Top of Available records

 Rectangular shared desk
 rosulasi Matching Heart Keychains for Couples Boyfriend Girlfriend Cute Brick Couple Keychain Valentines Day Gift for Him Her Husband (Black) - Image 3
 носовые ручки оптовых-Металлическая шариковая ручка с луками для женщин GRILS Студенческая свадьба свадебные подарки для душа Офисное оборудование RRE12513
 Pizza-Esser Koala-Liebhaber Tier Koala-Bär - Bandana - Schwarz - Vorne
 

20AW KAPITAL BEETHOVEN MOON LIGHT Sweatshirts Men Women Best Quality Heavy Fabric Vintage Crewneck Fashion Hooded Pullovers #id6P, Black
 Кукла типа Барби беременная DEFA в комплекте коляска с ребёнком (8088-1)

Bottom of Available records
Top of Available records

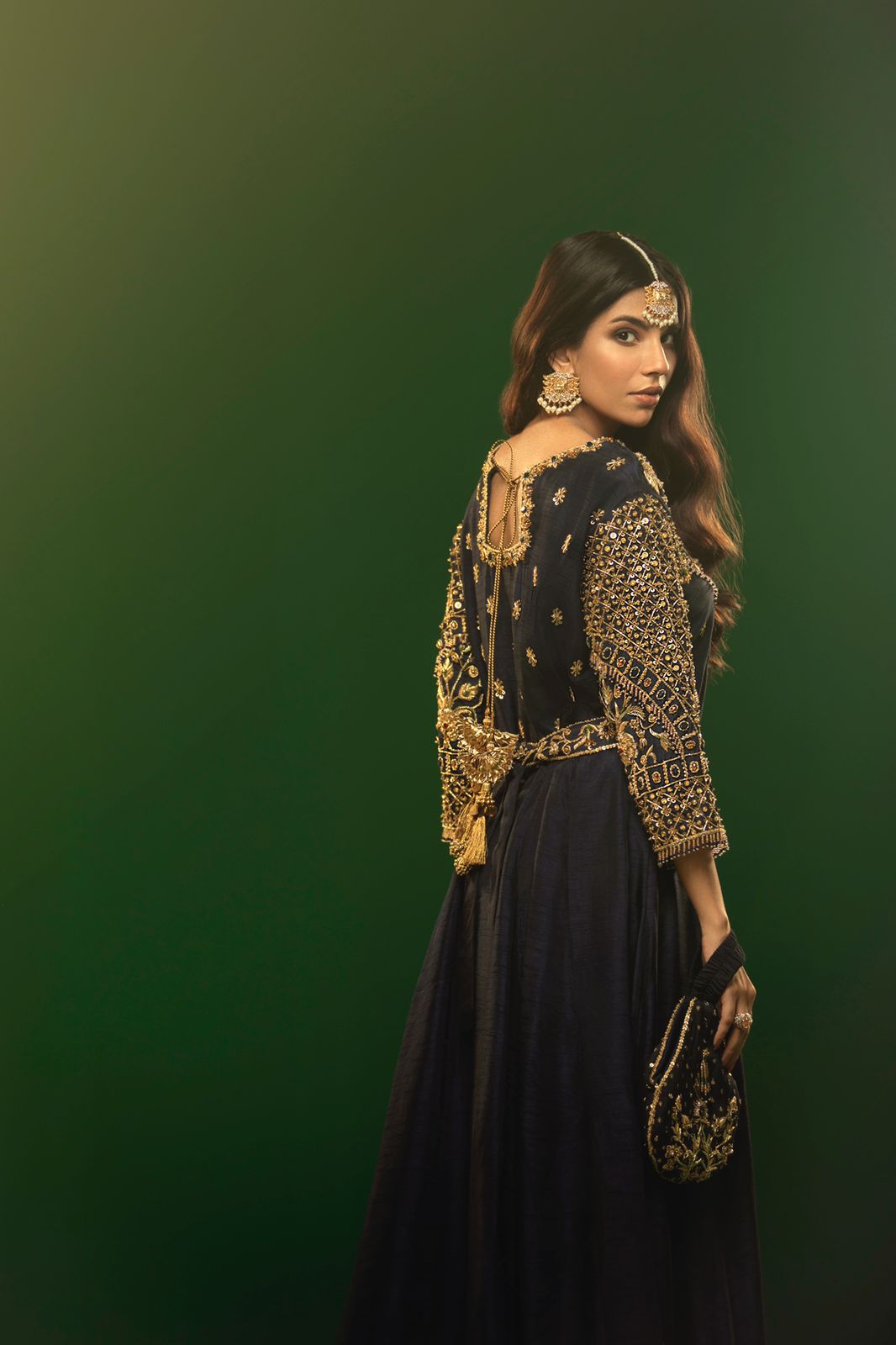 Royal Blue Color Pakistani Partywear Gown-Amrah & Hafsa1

Bottom of Available records

Task requirements ->
Extract the lines of the preceding material that run from the line with "носовые ручки оптовых-Металлическая" through the line with "Кукла типа Барби", inclusive, reproducing them exactly and adding nothing.

Result below ->
 носовые ручки оптовых-Металлическая шариковая ручка с луками для женщин GRILS Студенческая свадьба свадебные подарки для душа Офисное оборудование RRE12513
 Pizza-Esser Koala-Liebhaber Tier Koala-Bär - Bandana - Schwarz - Vorne
 

20AW KAPITAL BEETHOVEN MOON LIGHT Sweatshirts Men Women Best Quality Heavy Fabric Vintage Crewneck Fashion Hooded Pullovers #id6P, Black
 Кукла типа Барби беременная DEFA в комплекте коляска с ребёнком (8088-1)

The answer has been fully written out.